Work to be completed:
Copy exactly the lines from the line holding "Generic Black 3XL Tactical Backpack" through the end of the material, and no others; pictures stay out.

(Exercise material)

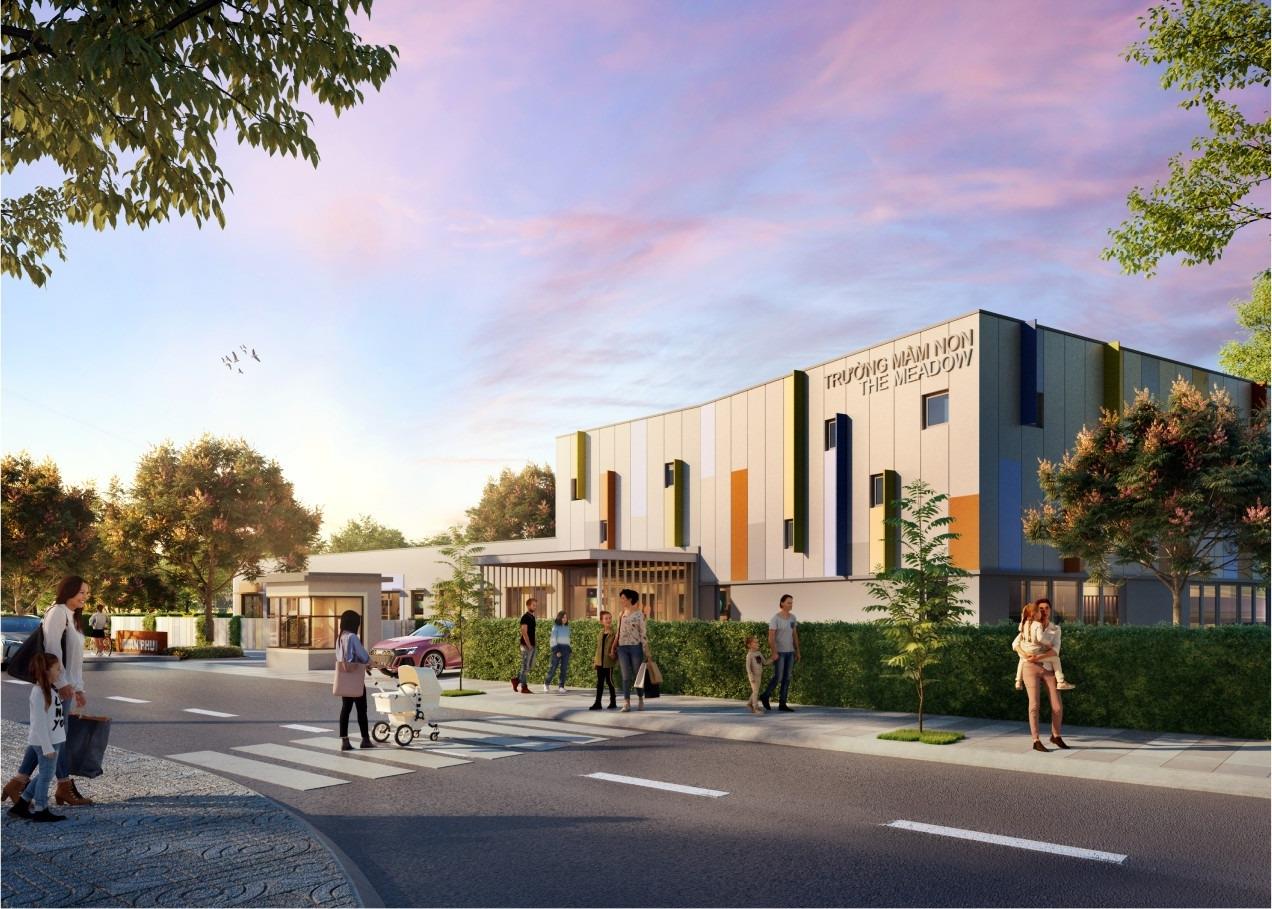 Cần bán nhanh nhà phố thương mại 100 m2, giá 6 tỷ tại Bình Chánh - TP Hồ Chí Minh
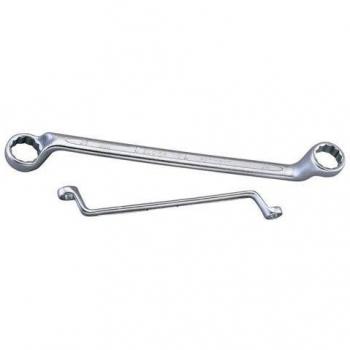 Draper 27mm x 30mm Elora Deep Crank Metric Ring Spanner | 14531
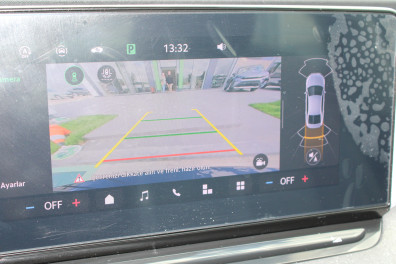 Skoda Octavia 1.5 MHEV PREMİUM 2025 Model Otomatik Vites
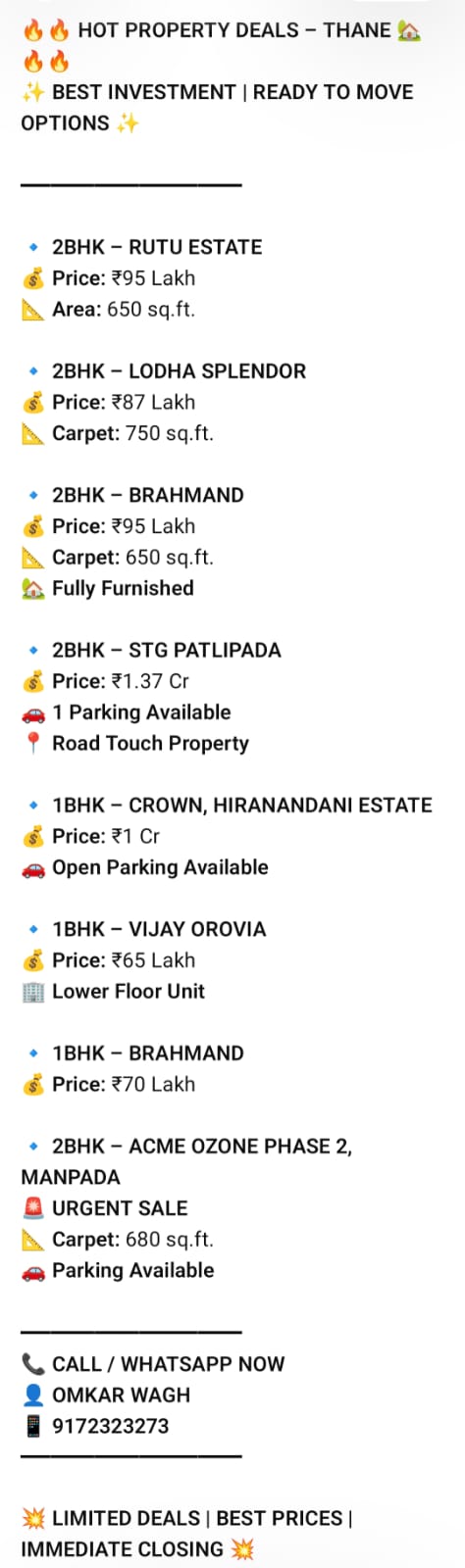 property
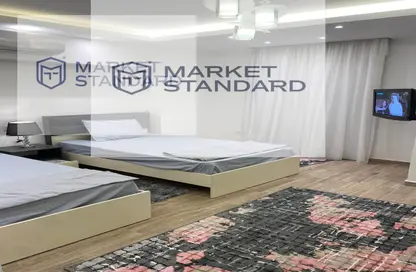 Apartment - 3 Bedrooms - 2 Bathrooms for sale in Haeet Al Tadres St. - Dokki - Giza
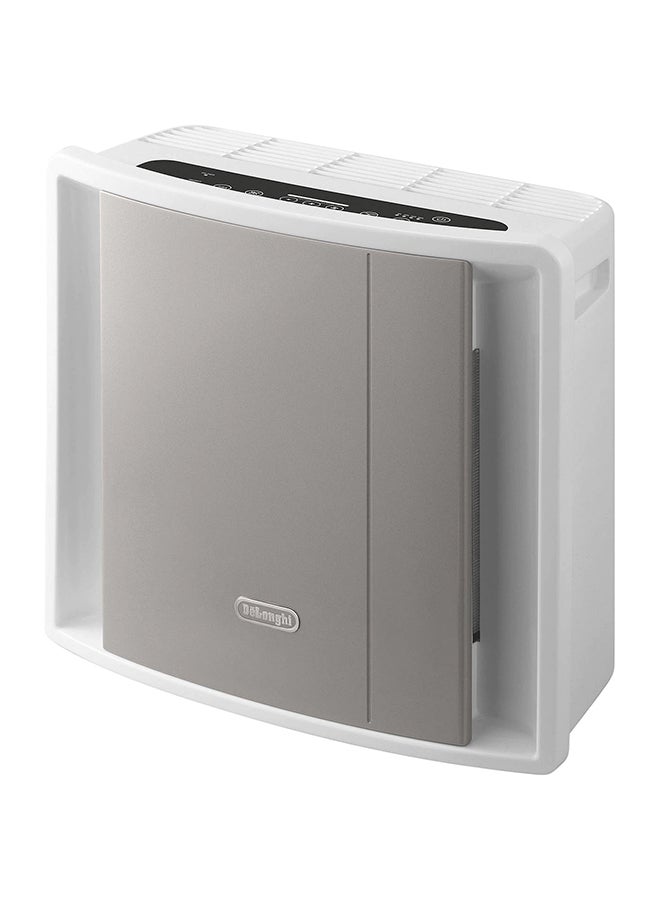 De'Longhi Air Purifier AC150 Silver - Image 2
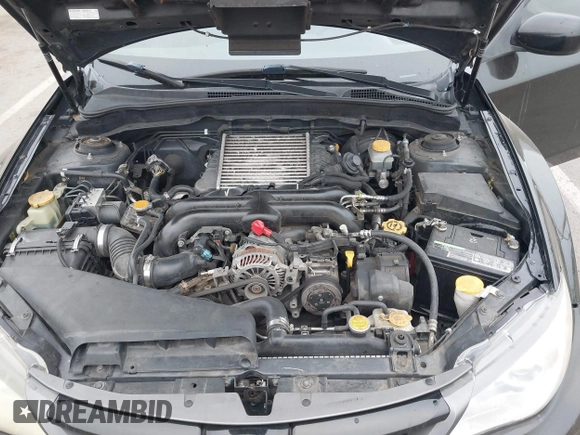 2014 Subaru WRX WRX with VIN JF1GR7E69EG216881, listed as a IAAI auction lot 42116536 with 135,337 mi miles and . Bid and sale history available at DreamBid. Image 10.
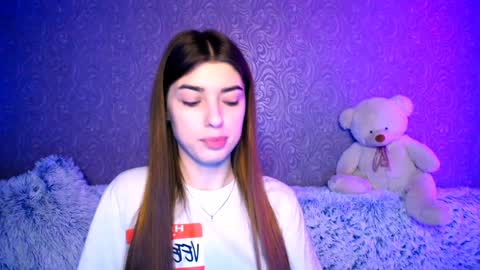 Zarina online show from January 11, 2:41 am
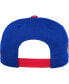 Фото #5 товара Big Boys and Girls Royal Buffalo Bills Legacy Deadstock Snapback Hat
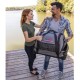 Bolsa Transporte Barbacoa 2Go X200 Negro - Charbroil CHARBROIL CB140692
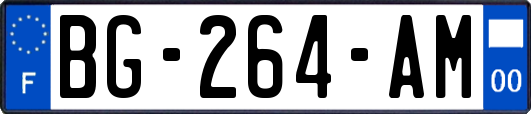 BG-264-AM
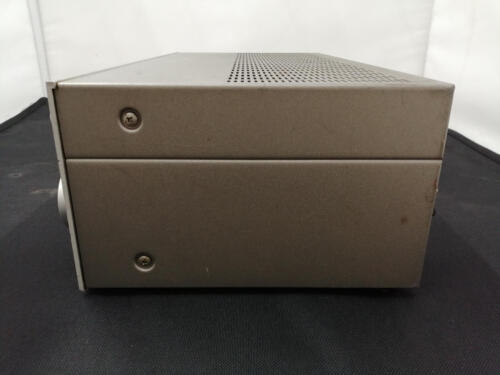 Technics SU-8055 Integrated Amplifier Used - Picture 4 of 6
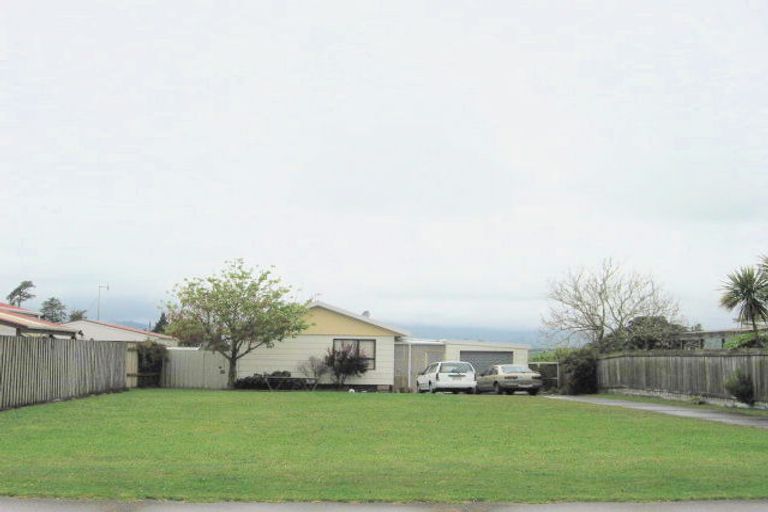 Photo of property in 109 Woodlands Road, Opotiki, 3122
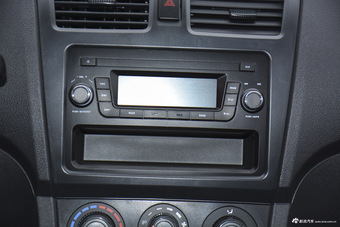 2015款风光330 1.5L手动实用型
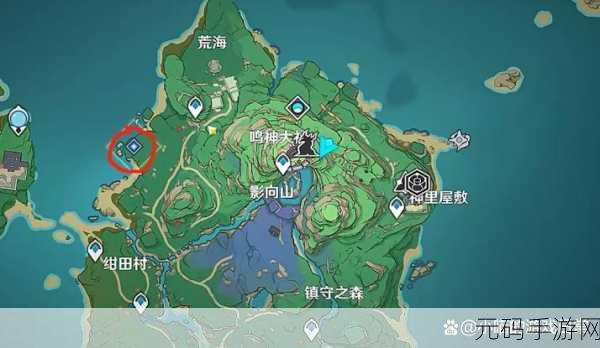 原神特别御神签任务详细步骤与最新玩法全解析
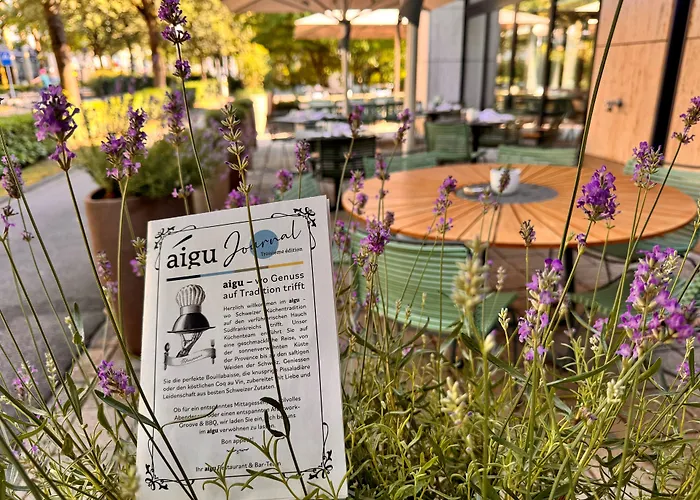 Park Hotel Zug
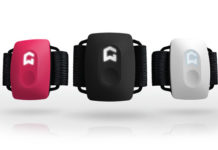 GYMWATCH promises actual tracking of every movement in a fitness exercise GYMWATCH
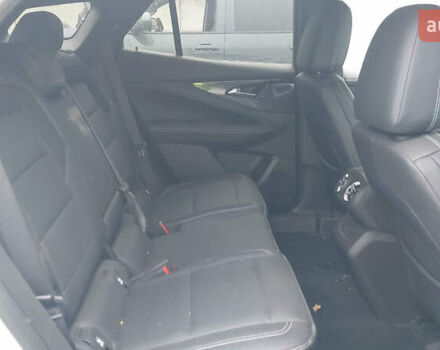Білий Шевроле Blazer EV, об'ємом двигуна 0 л та пробігом 1 тис. км за 27999 $, фото 7 на Automoto.ua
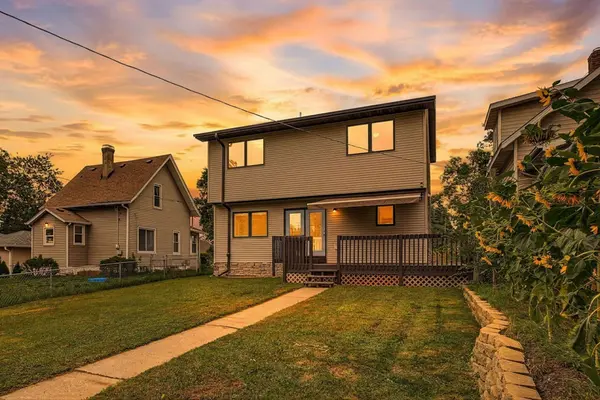 4244 Madison ST NE, Columbia Heights, MN 55421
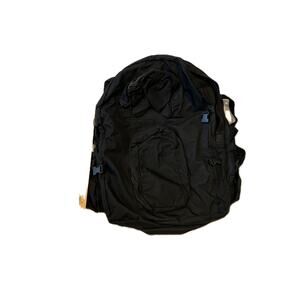 Generic Black 3XL Tactical Backpack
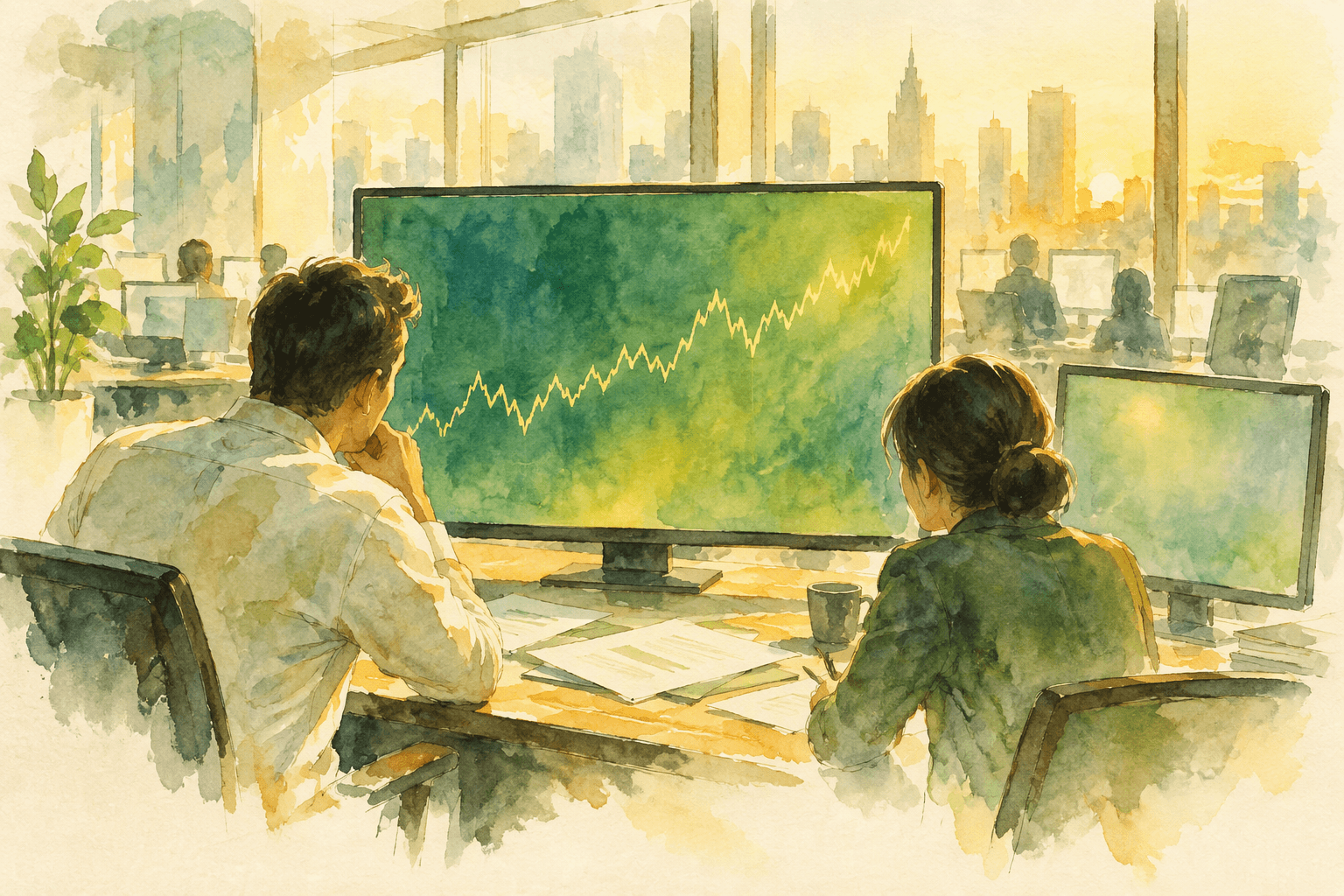Illustration for Halliburton Co. v. Erica P. John Fund, Inc., fka Archdiocese of Milwaukee Supporting Fund, Inc.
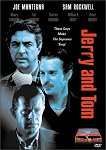 Jerry and Tom DVD
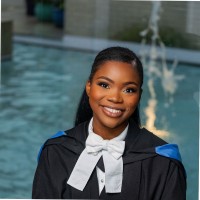 Glory Oluwaseun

(End Exercise material)

Response:
 Generic Black 3XL Tactical Backpack
Illustration for Halliburton Co. v. Erica P. John Fund, Inc., fka Archdiocese of Milwaukee Supporting Fund, Inc.
 Jerry and Tom DVD
 Glory Oluwaseun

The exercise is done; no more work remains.